As he neared home, the anxiety lately written in his face, merged by degrees into a grimly humorous smile, which hung long upon his lips, and he quoted aloud a line from the book of Jeremiah —

‘A woman shall compass a man.’

3. NOVEMBER THE NINETEENTH. DAYBREAK

Before it was light the next morning, two little naked feet pattered along the passage in Knapwater House, from which Owen Graye’s bedroom opened, and a tap was given upon his door.

‘Owen, Owen, are you awake?’ said Cytherea in a whisper through the keyhole. ‘You must get up directly, or you’ll miss the train.’

When he descended to his sister’s little room, he found her there already waiting with a cup of cocoa and a grilled rasher on the table for him. A hasty meal was despatched in the intervals of putting on his overcoat and finding his hat, and they then went softly through the long deserted passages, the kitchen-maid who had prepared their breakfast walking before them with a lamp held high above her head, which cast long wheeling shadows down corridors intersecting the one they followed, their remoter ends being lost in darkness. The door was unbolted and they stepped out.

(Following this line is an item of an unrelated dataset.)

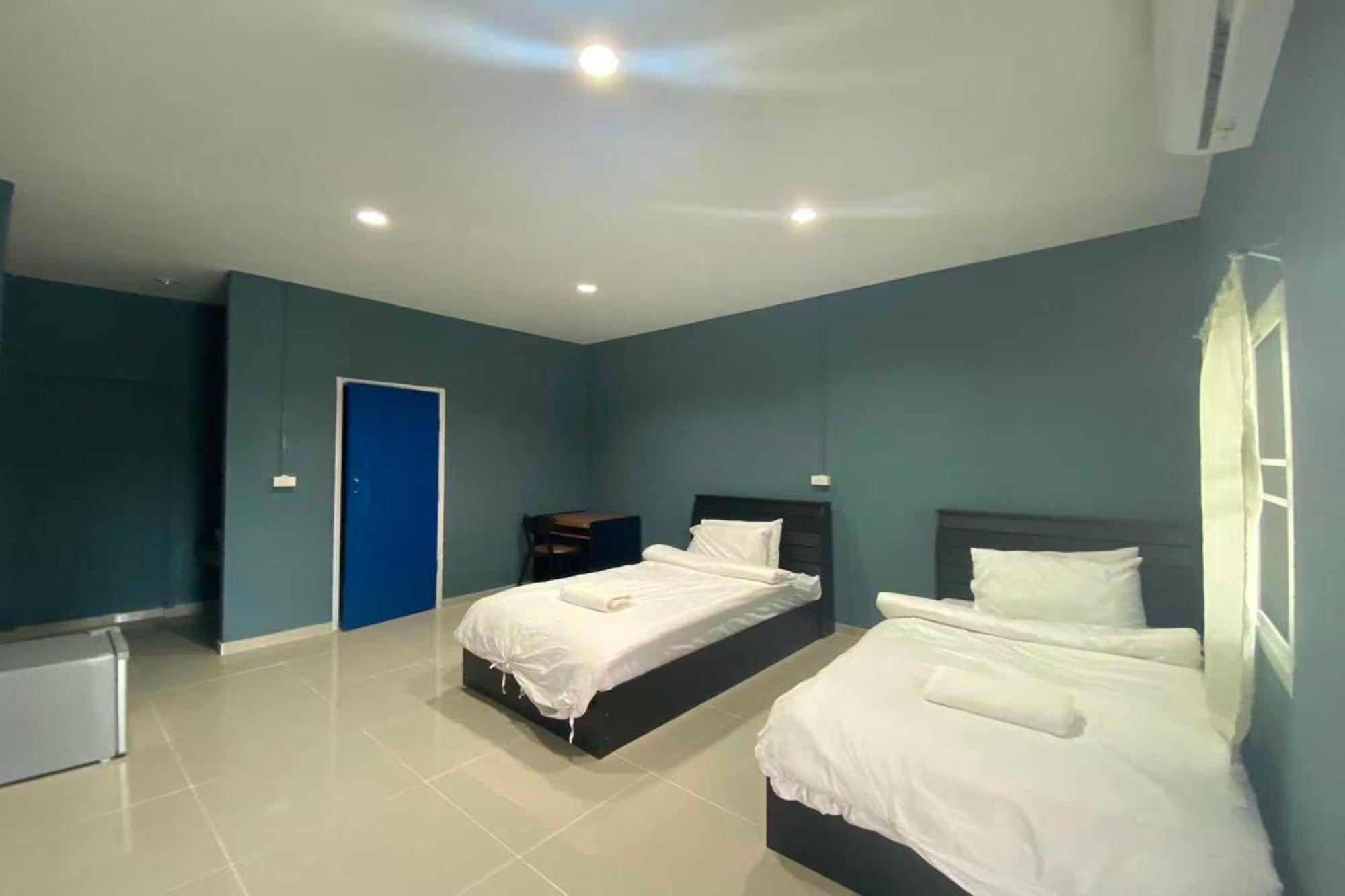 Collection O To The Sea Resort Thailand На Джомтьен Экстерьер фото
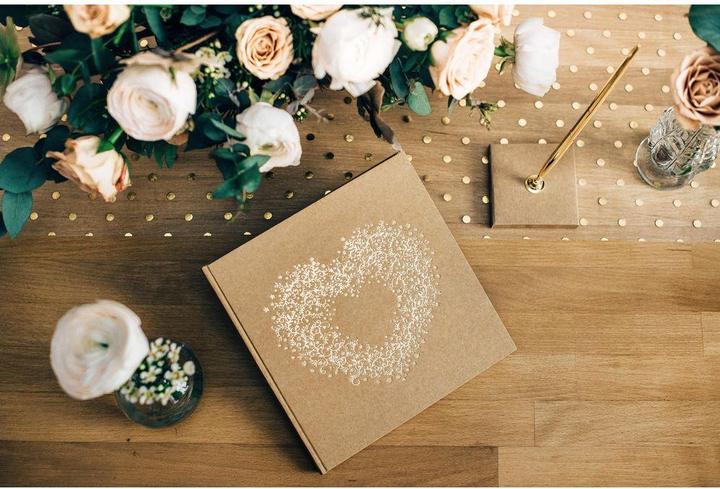 Image du produit Partydeco Livre d'or coeur (20,5 x 20,5 cm)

Owen had preferred walking to the station to accepting the pony-carriage which Miss Aldclyffe had placed at his disposal, having a morbid horror of giving trouble to people richer than himself, and especially to their men-servants, who looked down upon him as a hybrid monster in social position. Cytherea proposed to walk a little way with him.

‘I want to talk to you as long as I can,’ she said tenderly.

Brother and sister then emerged by the heavy door into the drive. The feeling and aspect of the hour were precisely similar to those under which the steward had left the house the evening previous, excepting that apparently unearthly reversal of natural sequence, which is caused by the world getting lighter instead of darker. ‘The tearful glimmer of the languid dawn’ was just sufficient to reveal to them the melancholy red leaves, lying thickly in the channels by the roadside, ever and anon loudly tapped on by heavy drops of water, which the boughs above had collected from the foggy air.

They passed the Old House, engaged in a deep conversation, and had proceeded about twenty yards by a cross route, in the direction of the turnpike road, when the form of a woman emerged from the porch of the building.

She was wrapped in a grey waterproof cloak, the hood of which was drawn over her head and closely round her face – so closely that her eyes were the sole features uncovered.

With this one exception of her appearance there, the most perfect stillness and silence pervaded the steward’s residence from basement to chimney. Not a shutter was open; not a twine of smoke came forth.

Underneath the ivy-covered gateway she stood still and listened for two, or possibly three minutes, till she became conscious of others in the park. Seeing the pair she stepped back, with the apparent intention of letting them pass out of sight, and evidently wishing to avoid observation. But looking at her watch, and returning it rapidly to her pocket, as if surprised at the lateness of the hour, she hurried out again, and across the park by a still more oblique line than that traced by Owen and his sister.

These in the meantime had got into the road, and were walking along it as the woman came up on the other side of the boundary hedge, looking for a gate or stile, by which she, too, might get off the grass upon the hard ground.

Their conversation, of which every word was clear and distinct, in the still air of the dawn, to the distance of a quarter of a mile, reached her ears, and withdrew her attention from all other matters and sights whatsoever. Thus arrested she stood for an instant as precisely in the attitude of Imogen by the cave of Belarius, as if she had studied the position from the play. When they had advanced a few steps, she followed them in some doubt, still screened by the hedge.